> [Try it] From the line containing "This is a quick" to the line containing "create a DHL" in the entries below, reproduce every line exactly, ends included. Nothing else belongs in the copy, and no pictures.

> [Given information]
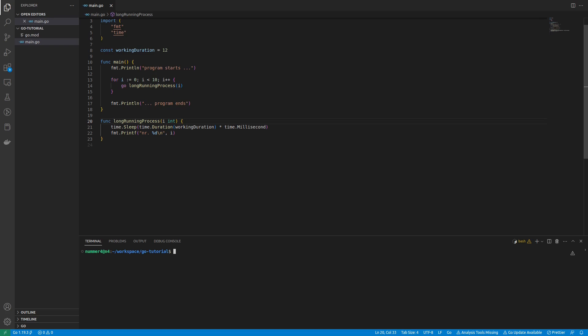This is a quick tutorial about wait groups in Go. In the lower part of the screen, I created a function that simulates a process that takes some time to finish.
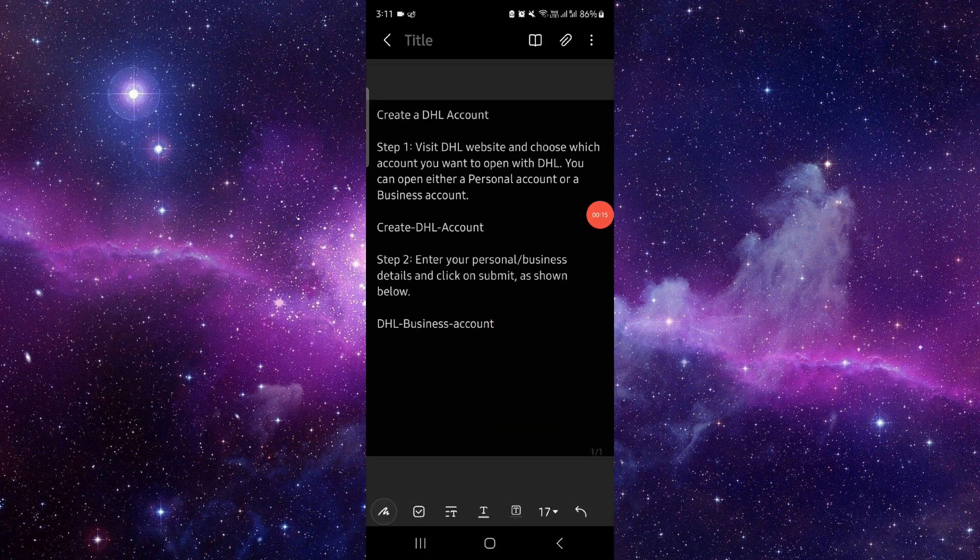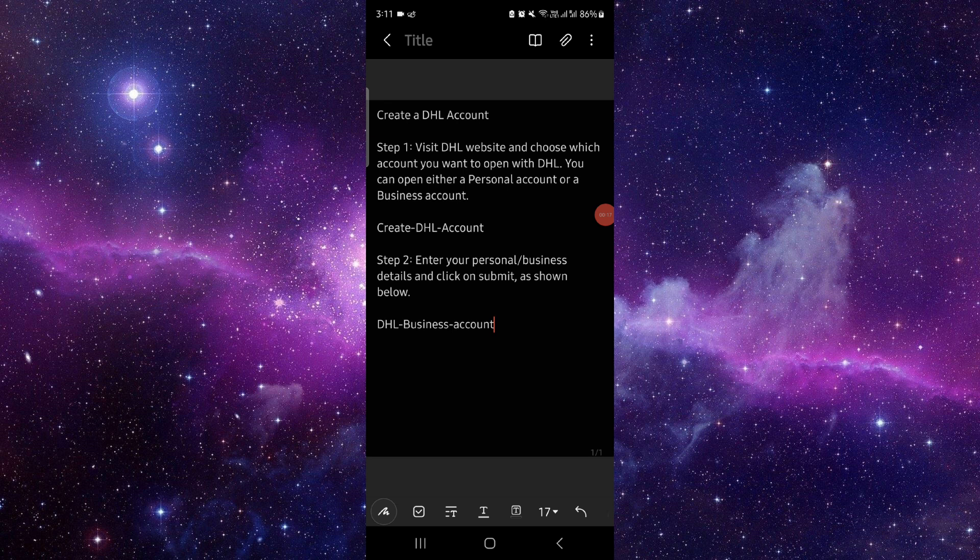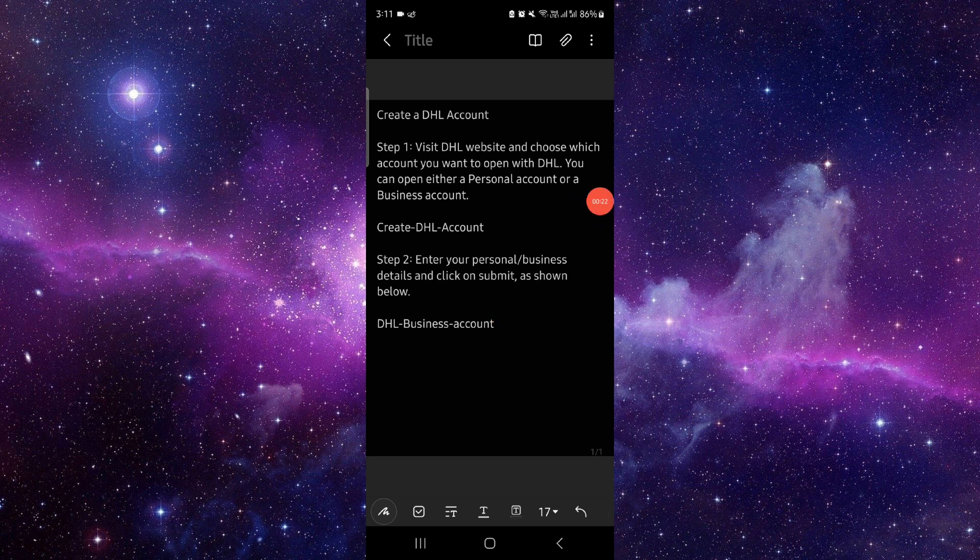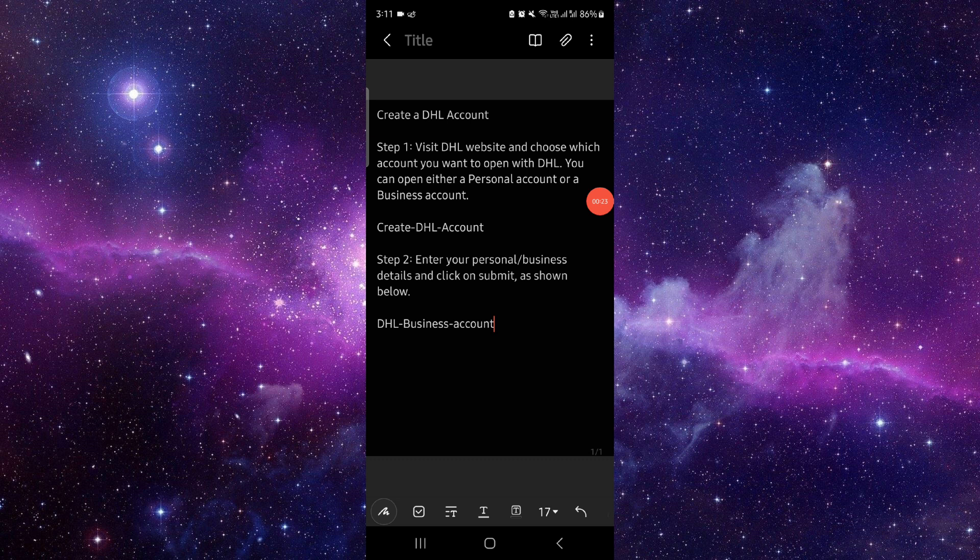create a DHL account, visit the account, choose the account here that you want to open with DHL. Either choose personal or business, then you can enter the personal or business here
---
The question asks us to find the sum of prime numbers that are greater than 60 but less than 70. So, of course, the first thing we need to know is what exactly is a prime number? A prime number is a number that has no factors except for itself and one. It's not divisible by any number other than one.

> [Your response]
This is a quick tutorial about wait groups in Go. In the lower part of the screen, I created a function that simulates a process that takes some time to finish.
create a DHL account, visit the account, choose the account here that you want to open with DHL. Either choose personal or business, then you can enter the personal or business here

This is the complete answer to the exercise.